* **DATA**
########################################

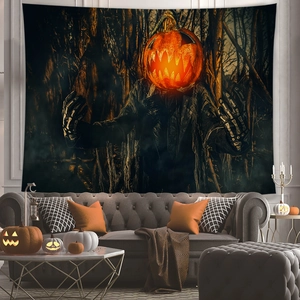 Detailed Halloween tapestry showing pumpkin figure in dark forest hanging over a sofa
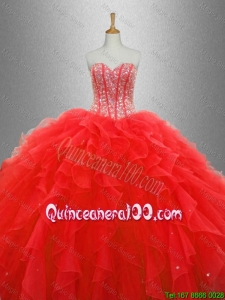 Popular Red Sweet 16 Dresses with Beading and Ruffles for 2016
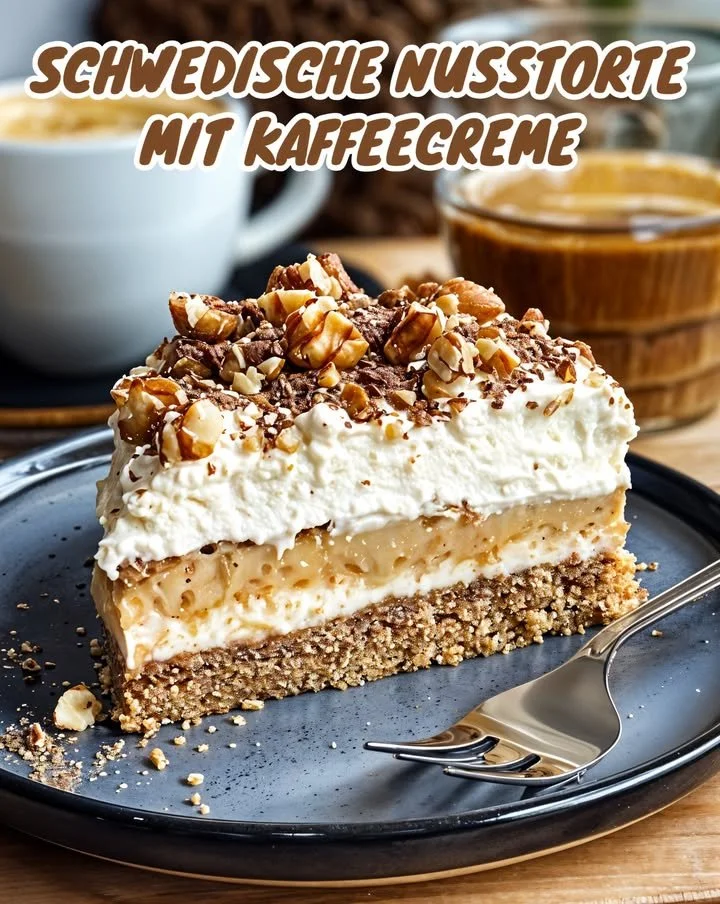 Schwedische Nusstorte mit Kaffeecreme auf einem eleganten Teller serviert.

########################################

Output the data above exactly. Drop every picture.

* **ANSWER SPACE**
 Detailed Halloween tapestry showing pumpkin figure in dark forest hanging over a sofa
 Popular Red Sweet 16 Dresses with Beading and Ruffles for 2016
 Schwedische Nusstorte mit Kaffeecreme auf einem eleganten Teller serviert.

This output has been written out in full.